The required output is every line from the one containing "The Power of" through the last line of the listing below, copied exactly, pictures excluded.
Start of Exercise data
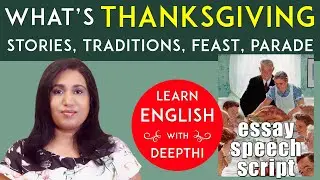 What is Thanksgiving and Black Friday? Why & How is it Celebrated? Story, Traditions | Essay Speech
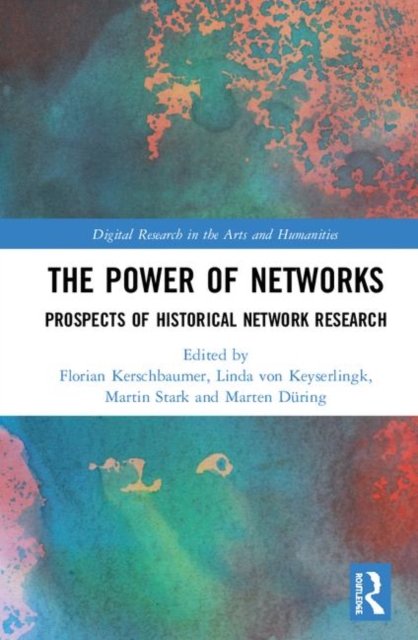 The Power of Networks : Prospects of Historical Network Research, Hardback Book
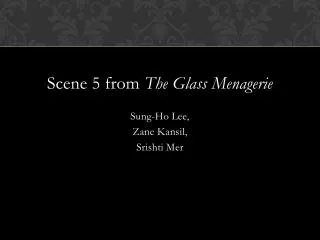 Scene 5 from The Glass Menagerie Sung-Ho Lee, Zane Kansil , Srishti Mer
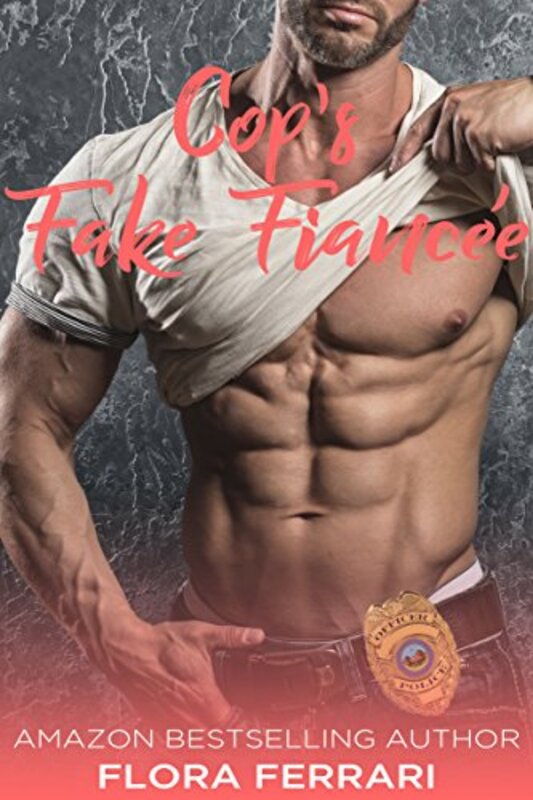 Book cover for "Cop's Fake Fiancée" by Flora Ferrari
End of Exercise data
*Written solution*
 The Power of Networks : Prospects of Historical Network Research, Hardback Book
 Scene 5 from The Glass Menagerie Sung-Ho Lee, Zane Kansil , Srishti Mer
 Book cover for "Cop's Fake Fiancée" by Flora Ferrari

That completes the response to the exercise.